Education & Family

England pupil numbers set to top eight million by 2023

Classroom Image copyright Thinkstock
Image caption The increase in pupil numbers has focused on primary schools so far

The number of pupils in England's schools is expected to reach its highest level in almost half a century by 2023, figures show.

The government estimates the number of schoolchildren will top eight million in the next nine years.

There will be an estimated 4.6 million pupils in state primary schools, 9% higher than in 2014.

Secondary pupil numbers are expected to start rising from 2016 - from 2.7 million to 3.2 million in 2023.

The hike in numbers had been fuelled by the birth rate broadly rising since 2002, government statisticians said.

The data suggests there will also be a further 106,000 pupils in special schools and 14,000 in alternative education provision by 2023.

'On track'

The Department for Education projections suggest there will be just over eight million youngsters in England's state schools by 2023, up almost a million from 7.1 million this year.

It is thought that the last time pupil numbers reached these levels was in the mid-1970s.

The new data comes amid a continuing concern about a squeeze on school places, particularly for primary-age children.

Last year, a study by the National Audit Office (NAO) warned an estimated extra 256,000 primary and secondary school places would be needed by September 2014.

Of these, 240,000 are required in primary schools, with more than a third (37%) needed in London alone.

A DfE spokeswoman said local councils were on track to create enough school places for this coming September.

She added: "Ensuring enough school places for the growing population is one of our top priorities.

"That is why we have more than doubled to £5bn the funding available to councils to create new school places, and are allowing good schools to expand without the restrictions and bureaucracy they faced in the past.

"This has already led to the creation of 260,000 new school places across the country.

"Under this government nearly 80% of new primary places created are in good or outstanding schools."

She added that 212,000 new primary places had been created between May 2010 and May 2013.

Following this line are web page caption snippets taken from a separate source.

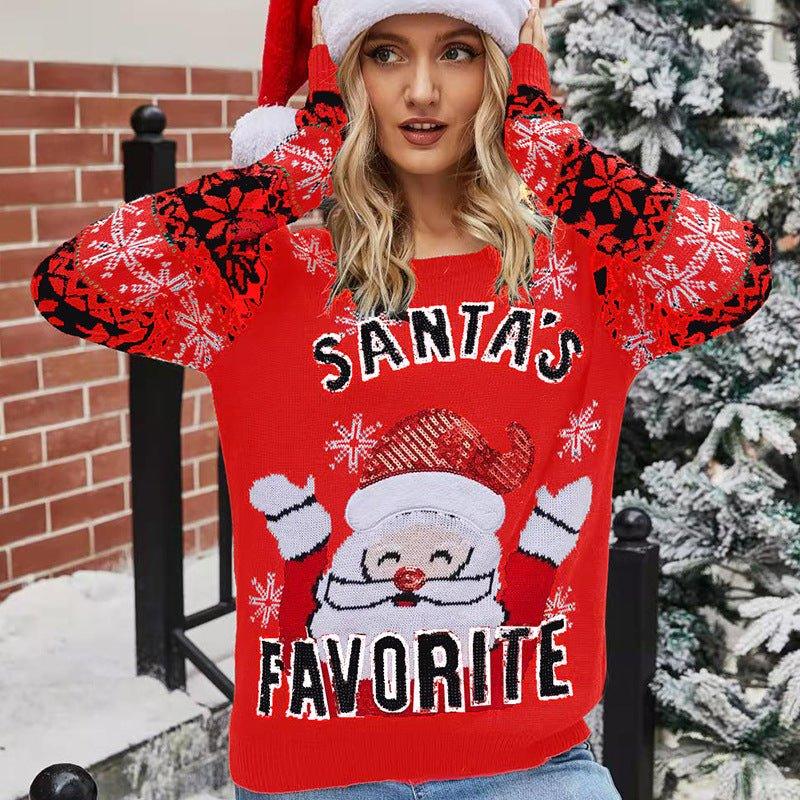 2023 Astricos Women's Christmas Santa Embroidered Pullover Sweater - Festive Crew Neck Knitted Sweater for Women - Astricos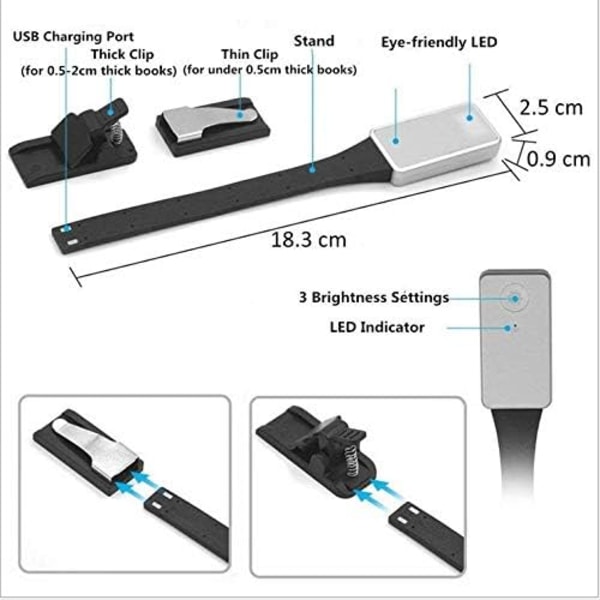 LED-lukuvalo klipsillä, USB-ladattava lukuvalo, ZQKLA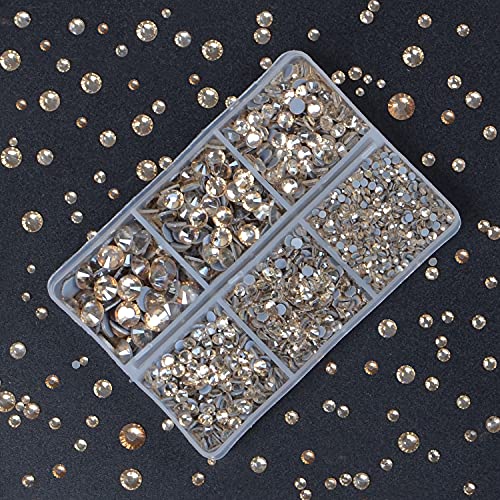 4000Pcs Mixed Size Hot Fix Round Crystals Gems Glass Stones Hotfix Flat Back Rhinestones (Light Champagne) #TOP4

The Association of Teachers and Lecturers' director of economic strategy and negotiations, Martin Freedman, said the new Education Secretary, Nicky Morgan, would be judged on whether parents could get their children into a school of their choice and whether there were enough high quality teachers in those schools.

"The latest estimate that there will be almost a million more pupils by 2023 will make both of these areas much more difficult to manage," he said.